They say what goes around comes back around, and ain't that the truth when it comes to home trends! These vintage styles certainly aged with grace, with some even getting a modern makeover that'll have you jonesing to redecorate. Here are eight home trends that not only deserve a comeback but a place in your four walls.
This style of depressed seating was popular from the 50s-'70s. A bold architectural feature allowed you and your guests to get comfy after a meal and gab all night. It often featured a little table in the middle or even a fireplace. Equally chic and cosy if you're an avid host or a couch potato that could always use more space. Some theorise this style went away because of our obsession with television.
Telephone chairs or 'gossip benches' are sleek and convenient spots for conversation. They began popping up after the invention of the telephone in 1876 and became all the rage in the 1930s. Often featuring a small seat with a table to place large rotary phones and a drawer for the telephone book. A stunning piece of furniture that might remind you to call home once in a while.
You'll find old country homes feature stable doors, split into two parts to allow air to flow through the top, whilst the lower part stays in place, keeping pets and children secure. This vintage-style door is both charming and practical for back doors leading out into the garden. These are also referred to as dutch doors.
The Lazy Susan is a rotating tray that sits at the centre of a table, allowing food to move around seamlessly. It's believed to be invented by Thomas Jefferson in the 18th century because his daughter, Susan, often complained that she was always served last at the table. Still very much a staple in Chinese eateries, this nifty addition deserves a comeback in homes too!

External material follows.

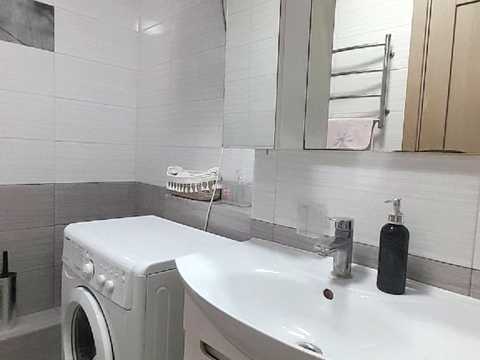 квартира за адресою Березняківська вул., 38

Before they were confined to the patio and balcony, cane, rattan and bamboo furniture were the centrepieces of laidback interiors. We say invite the outdoors in by adding these natural textures back into your main living spaces! A natural addition to the japandi home aesthetic, it gives a rugged, handmade and warming texture to any home. Rattan can also be easily elevated with luxurious accessories.
When it comes to wallpaper, there's certainly a right way and a wrong way to go about it. Gone are the days of plastering every wall with kitchy patterns that date a home. Wallpaper can be a great way to add more dimension and colour to your home, whether that be an accent wall or a more modern print dining all four corners.
A craft that was popularised in the '70s, macrame accents in the home were totally groovy but fell out of fashion once the '80s rolled around. This no-knit style of weaving uses knots to create patterns and can deliver an unpretentious wabi-sabi vibe in the form of plant holders, wall art and throws —an excellent DIY project to explore.
Another 70's alumni, the shag carpet was bright, bold and could be an eyesore. Their modern counterparts are far more attractive in the home, available in more muted tones. They provide a lush and cosy vibe that'll have guests fighting to sit on the floor. They do require a little more TLC with the vacuum, but it's totally worth it!